Saint Amour – de Benoît Delépine et Gustave Kervern – 2016
Sur le papier, ça fait un peu peur : les deux piliers de Groland qui filment des paysans mal dégrossis dans les travées du salon de l’agriculture. On connaît l’attachement sincère de Delépine et Kervern pour « ceux qui ne sont rien », pour reprendre la phrase d’un grand de ce monde. Mais on connaît aussi les caricatures pas toujours fines fines qu’en a fait l’émission culte de Canal. Donc…
Donc, très jolie surprise que ce Saint Amour, qui se révèle un film d’une tendresse immense et loin de toute caricature pour les hommes de la terre. Pas d’angélisme non plus : le tandem filme des personnages volontiers grossiers et peu aimables, à commencer par celui de Benoît Poelvoorde, fils d’agriculteur au physique ingrat, qui enchaîne les cuites pour oublier sa solitude abyssale et son mal de vivre.

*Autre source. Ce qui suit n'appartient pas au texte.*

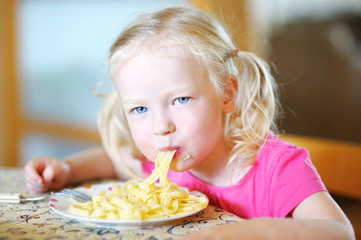 Cute funny little girl eating spaghetti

C’est d’ailleurs une interprétation particulièrement forte que livre Poelvoorde. Forte et courageuse, tant l’homme se met à nu, physiquement et moralement, pour ce rôle franchement pas sympathique, en tout cas dans un premier temps. A nu, mais toujours dans le bon ton : Delépine et Kervern savent parfaitement jusqu’où ils peuvent aller sans tomber dans un voyeurisme facile.
Et Depardieu, sobre (là aussi dans tous les sens du terme) et touchant, tout en autocitations. Lui aussi est formidable, en père vieillissant qui décide d’embarquer son fils paumé pour une route des vins express, avec un jeune taxi arrogant (Vincent Lacoste, qui réussit joliment à exister face à ces deux monstres).
Ce road movie a tout du voyage intérieur. L’arrivée laisse quelque peu dubitatif (mais on n’attendait pas une chute facile), mais c’est le voyage qui séduit : cette tendresse qui peine à s’exprimer entre le père et le fils, et qui finit par trouver sa voie. Décapant, un peu. Tendre, beaucoup.